With pictures left out, write out exactly every line from the start of the data through the one that contains "Swivel stool, STOLL, dark".
---*---
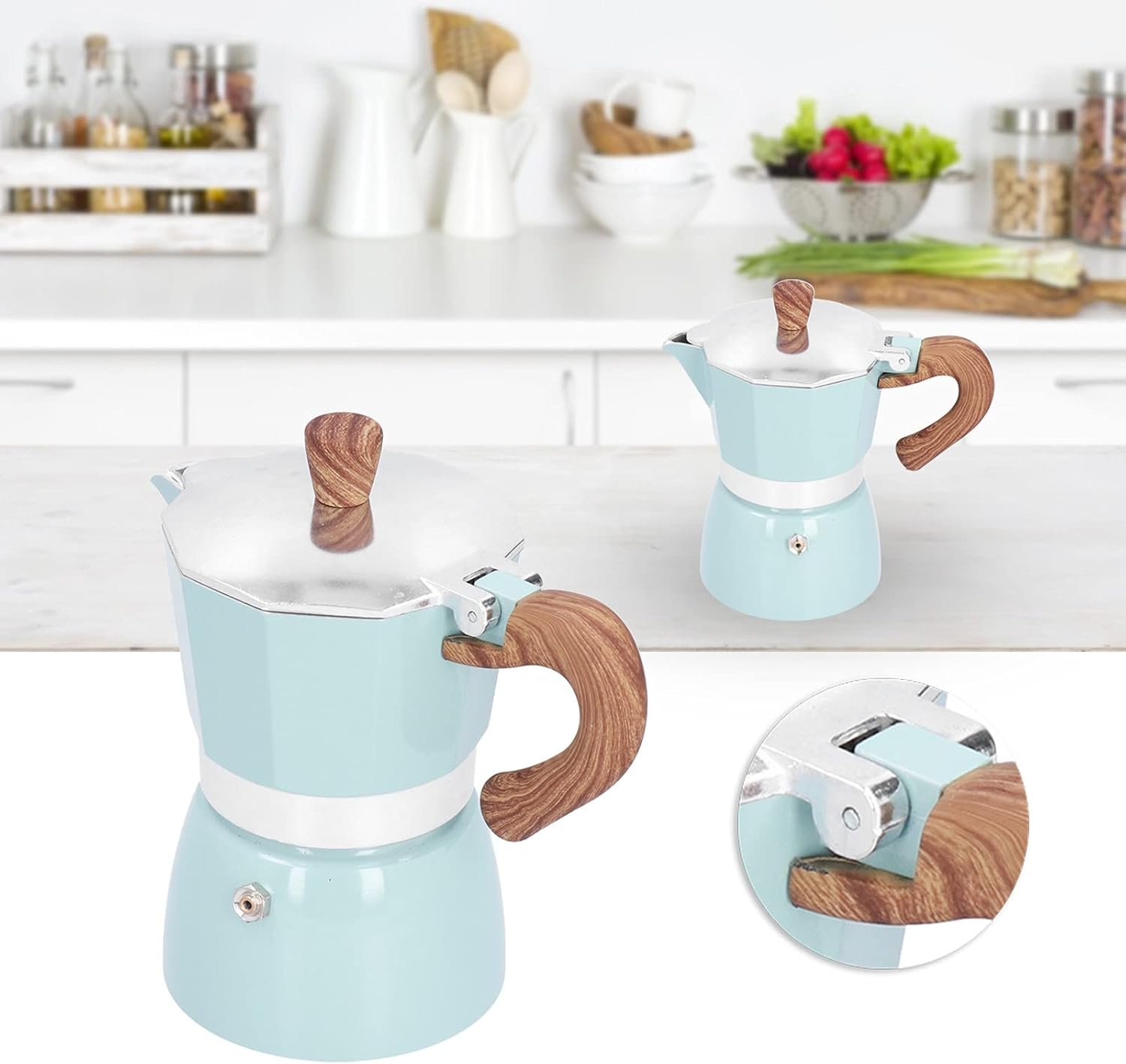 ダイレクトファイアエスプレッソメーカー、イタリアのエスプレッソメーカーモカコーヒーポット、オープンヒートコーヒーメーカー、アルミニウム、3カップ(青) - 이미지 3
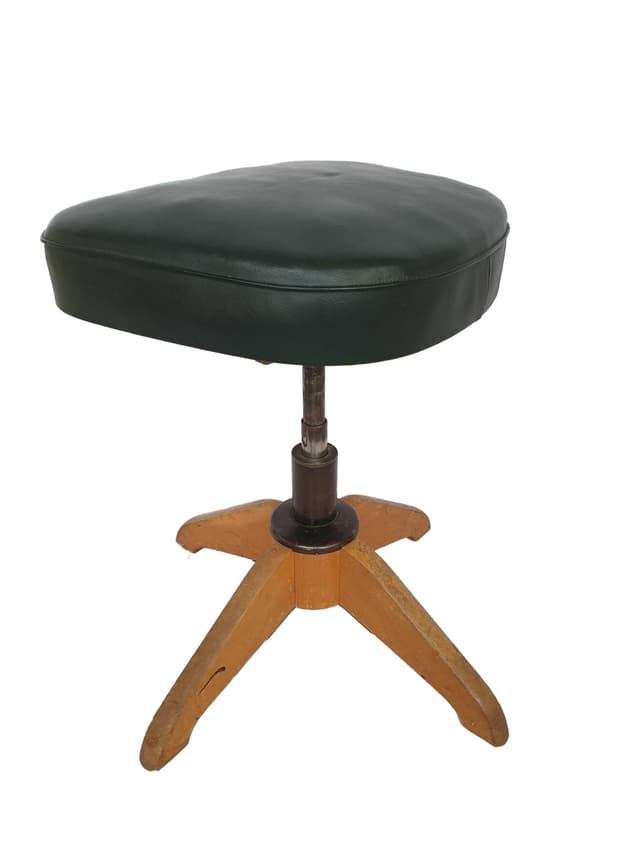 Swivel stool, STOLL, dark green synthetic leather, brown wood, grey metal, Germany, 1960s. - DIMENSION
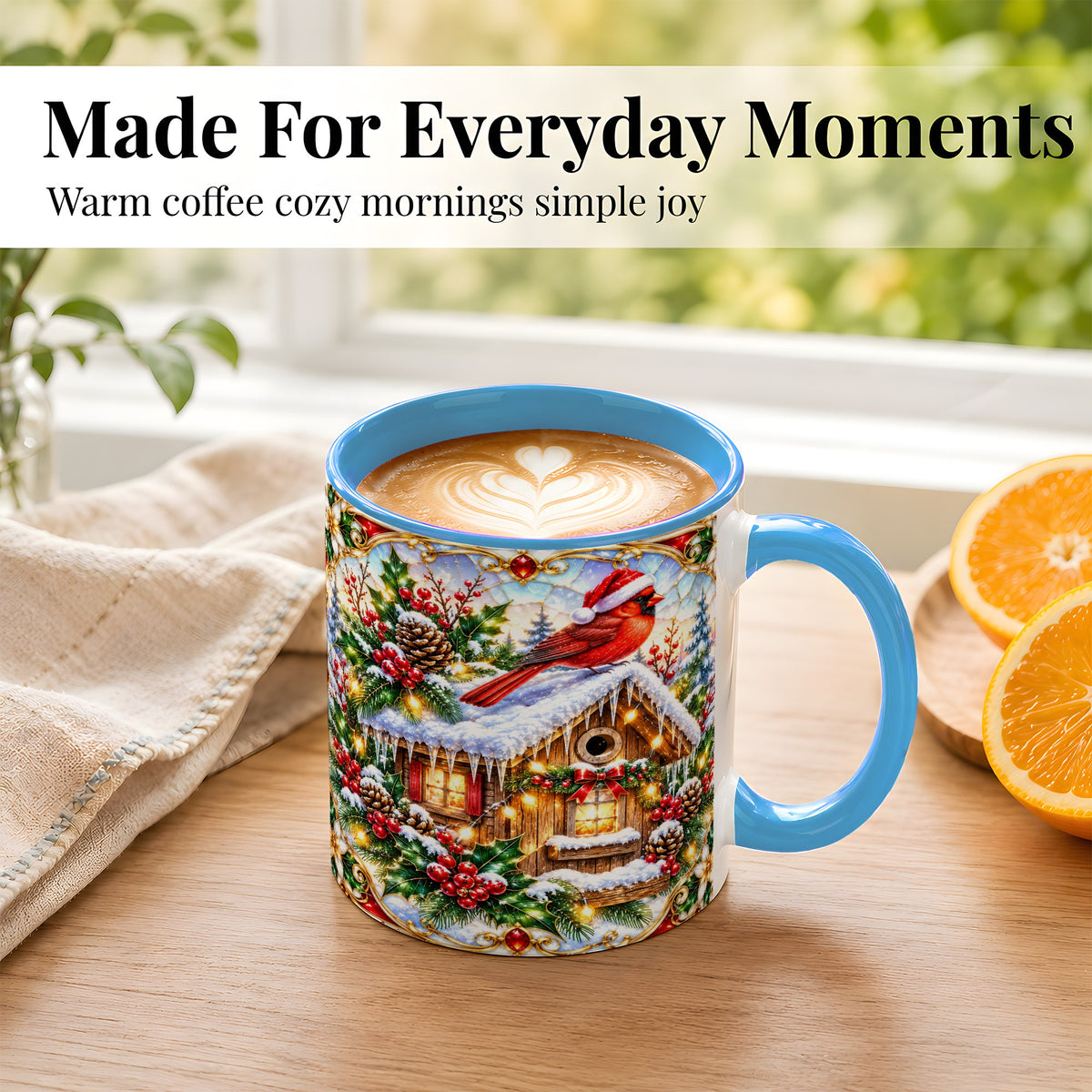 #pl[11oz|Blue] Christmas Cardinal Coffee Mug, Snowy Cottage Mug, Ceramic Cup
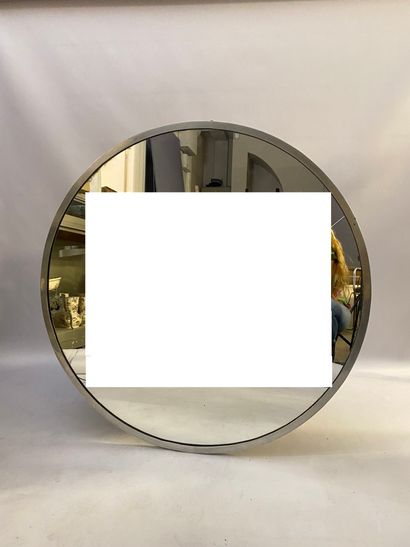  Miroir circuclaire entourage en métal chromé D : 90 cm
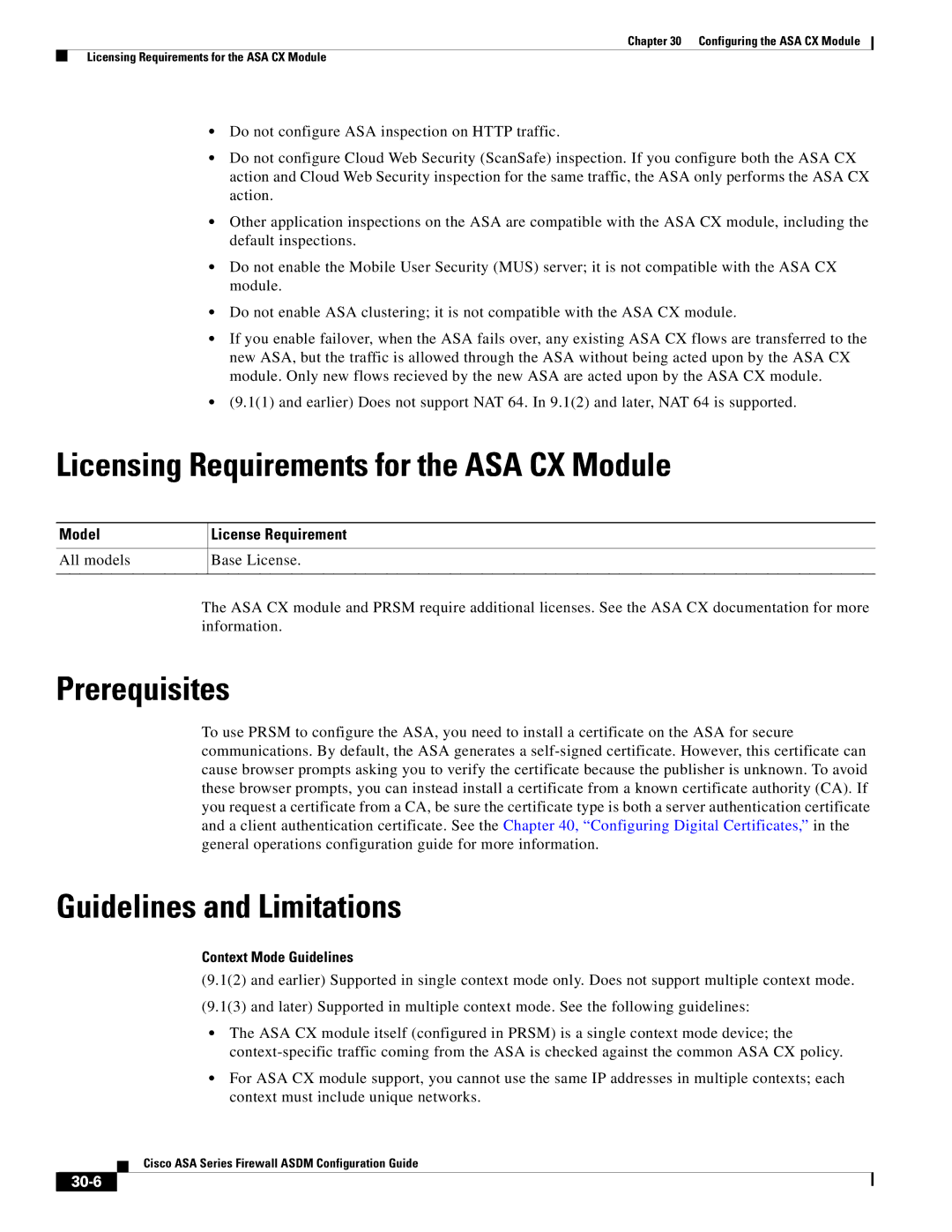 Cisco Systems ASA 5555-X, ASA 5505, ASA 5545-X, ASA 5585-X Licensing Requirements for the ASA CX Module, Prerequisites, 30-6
---*---
Task result:
 ダイレクトファイアエスプレッソメーカー、イタリアのエスプレッソメーカーモカコーヒーポット、オープンヒートコーヒーメーカー、アルミニウム、3カップ(青) - 이미지 3
 Swivel stool, STOLL, dark green synthetic leather, brown wood, grey metal, Germany, 1960s. - DIMENSION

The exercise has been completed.